[Opening SUPPLIED RECORDS section]

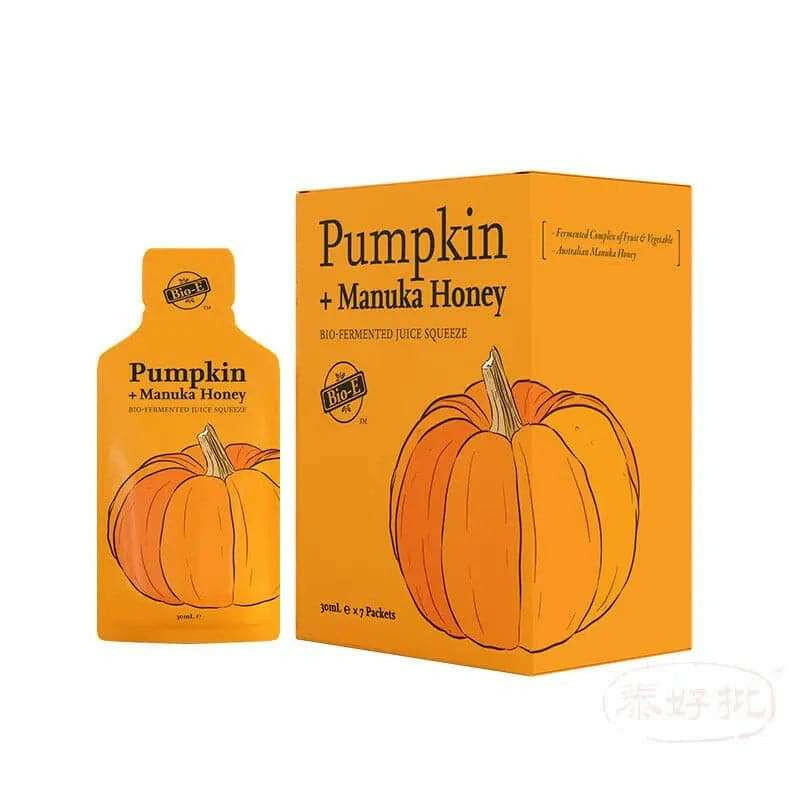 Bio E-南瓜 + 麥盧卡蜂蜜生物發酵果汁 7包 x 30ml.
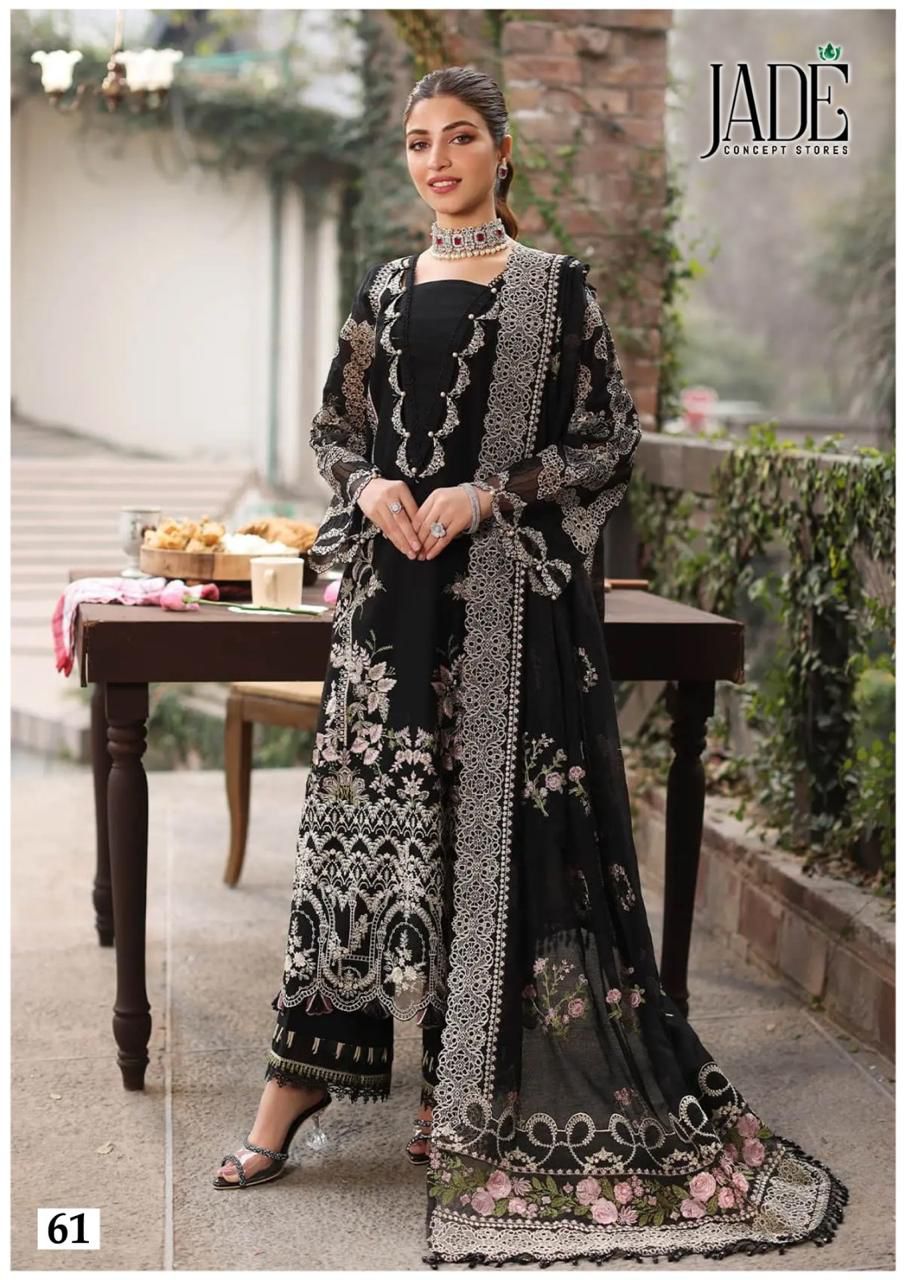 JADE CHEVRON VOL 7 LAWN KARACHI SUITS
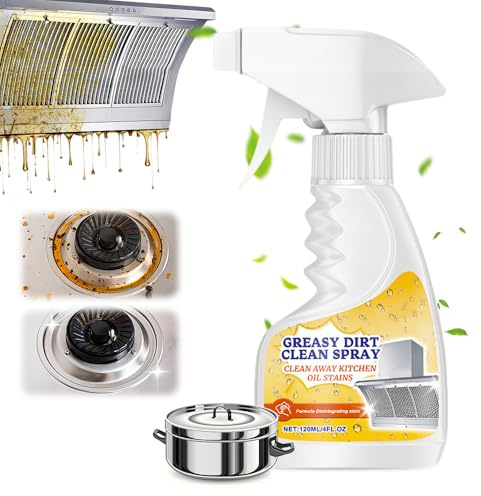 Multifunctional Powerful Kitchen Foam Cleaner, 2025 Fettreiniger Spray, Fettlöser für Küche, Küchenschaumreiniger, Bubble Cleaner Schaumspray (1, 120ml)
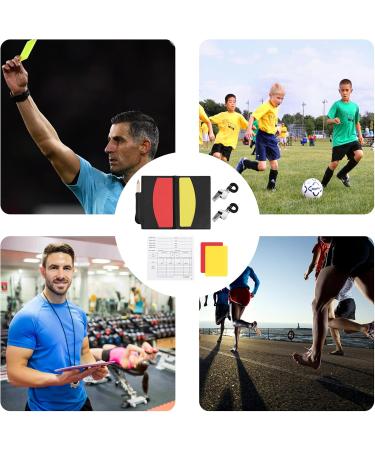 Buy Gvivej Referee Set - Football Referee Cards & Whistle Kit for Sports Coaching | International Shipping Available - Buy Online on SooperMarket.com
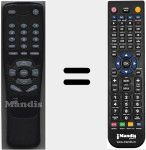 Replacement remote control for 1512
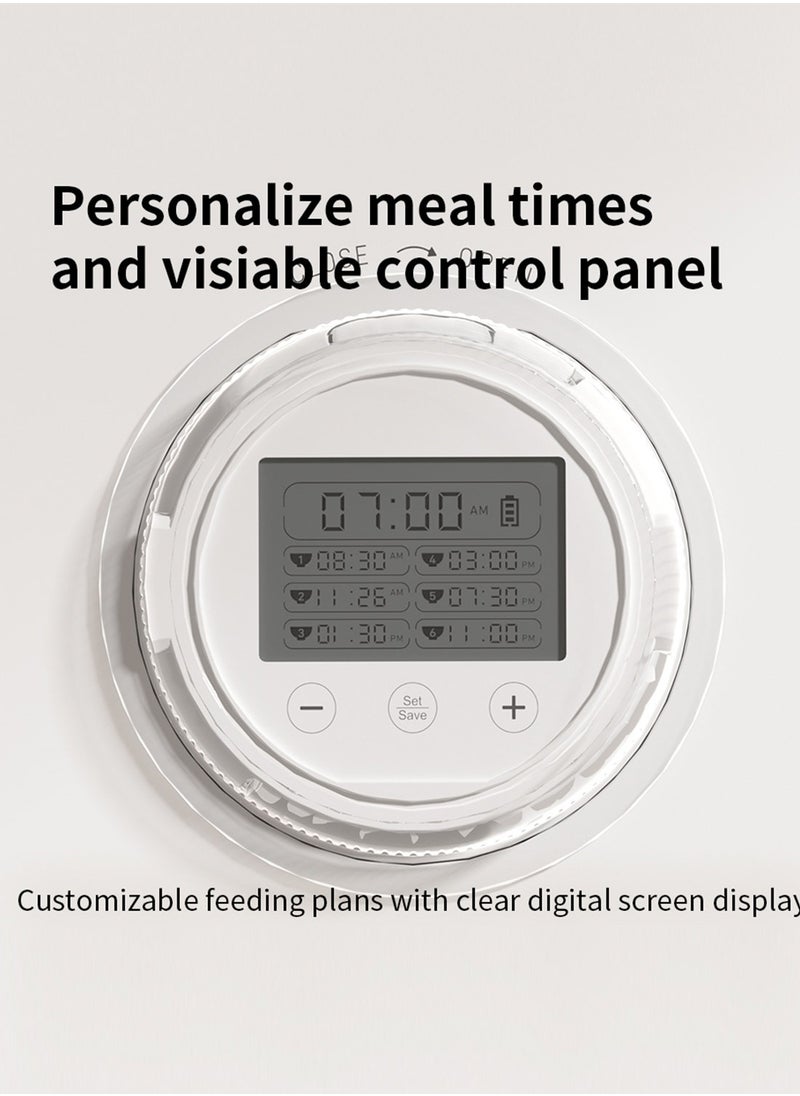 Kidle Smart Automatic Pet Feeder 6-Grid Timed Rotating Cat And Dog Food Feeder For Wet And Dry Food Pet Food Dispenser With Timer  - Image 3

[Closing SUPPLIED RECORDS section]

→ **TASK TO COMPLETE**: Except for the pictures, give the data again word for word.

→ **WRITTEN ANSWER**:
 Bio E-南瓜 + 麥盧卡蜂蜜生物發酵果汁 7包 x 30ml.
 JADE CHEVRON VOL 7 LAWN KARACHI SUITS
 Multifunctional Powerful Kitchen Foam Cleaner, 2025 Fettreiniger Spray, Fettlöser für Küche, Küchenschaumreiniger, Bubble Cleaner Schaumspray (1, 120ml)
 Buy Gvivej Referee Set - Football Referee Cards & Whistle Kit for Sports Coaching | International Shipping Available - Buy Online on SooperMarket.com
 Replacement remote control for 1512
 Kidle Smart Automatic Pet Feeder 6-Grid Timed Rotating Cat And Dog Food Feeder For Wet And Dry Food Pet Food Dispenser With Timer  - Image 3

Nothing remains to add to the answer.